Extracted entries:
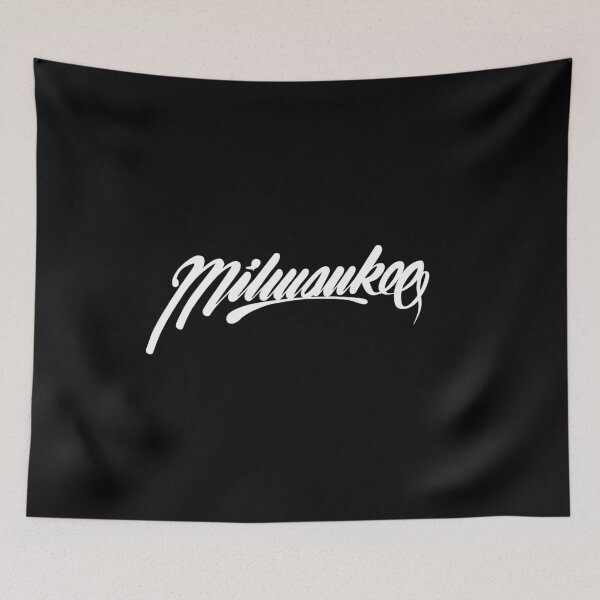 Item preview, Milwaukee, Wisconsin - Black & White designed and sold by CartoCreative.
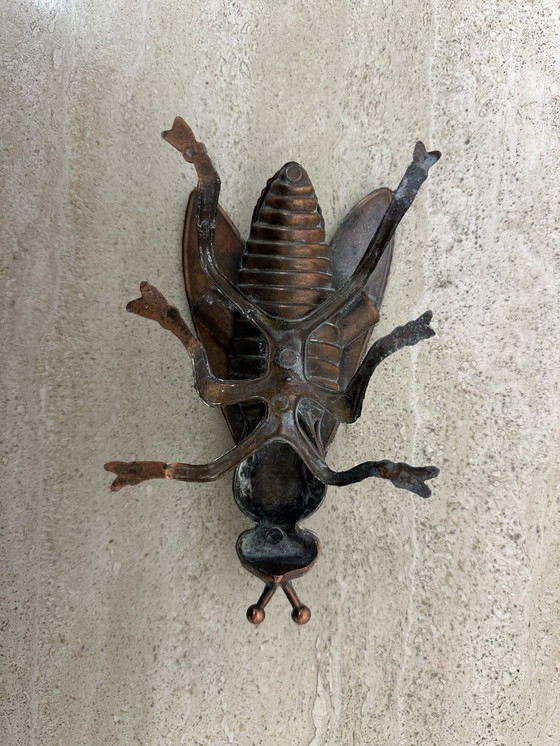 Image 1 of Vintage Asbak Metaal Vliegvormig , 1970S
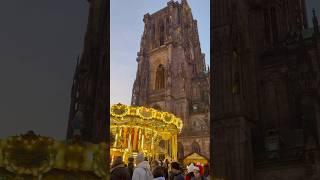 Christmas Day in Strasbourg France! This is one of many Christmas Markets in the city. 12-25-2024
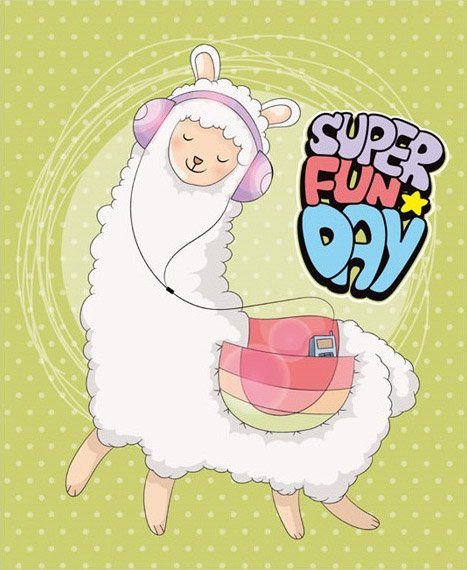 

Блокнот Bourgeois 96 листов, 10х12 см, клетка, Super fun day - Лама , 4918 (19324)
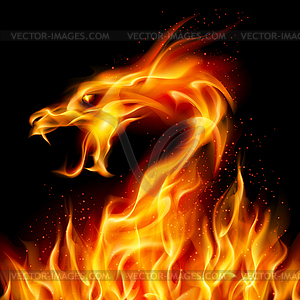 Fire Dragon - stock vector clipart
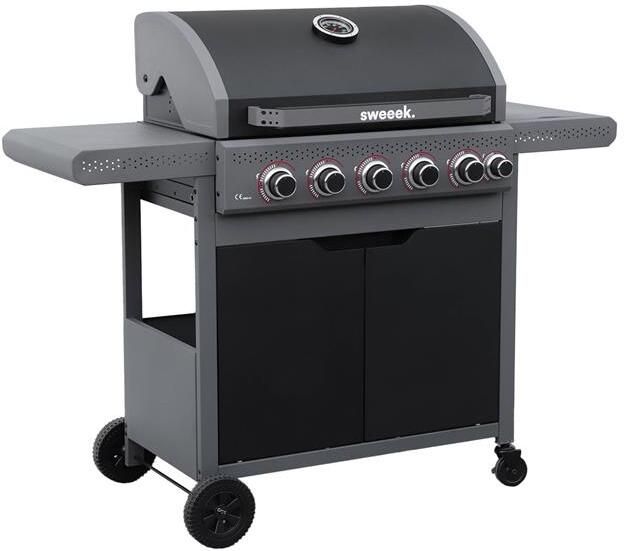 Sweeek Gasbarbecue met 5 branders + 1 zijbrander
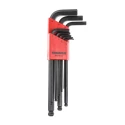 Bondhus 9 Piece L Metric Hex Key Set Black Steel Ball End Hex Sizes 1.5 to 10 mm BLX9MM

What needs to be done: Output the material word for word. Pictures do not go in.

Result of this exercise:
 Item preview, Milwaukee, Wisconsin - Black & White designed and sold by CartoCreative.
 Image 1 of Vintage Asbak Metaal Vliegvormig , 1970S
 Christmas Day in Strasbourg France! This is one of many Christmas Markets in the city. 12-25-2024

Блокнот Bourgeois 96 листов, 10х12 см, клетка, Super fun day - Лама , 4918 (19324)
 Fire Dragon - stock vector clipart
 Sweeek Gasbarbecue met 5 branders + 1 zijbrander
 Bondhus 9 Piece L Metric Hex Key Set Black Steel Ball End Hex Sizes 1.5 to 10 mm BLX9MM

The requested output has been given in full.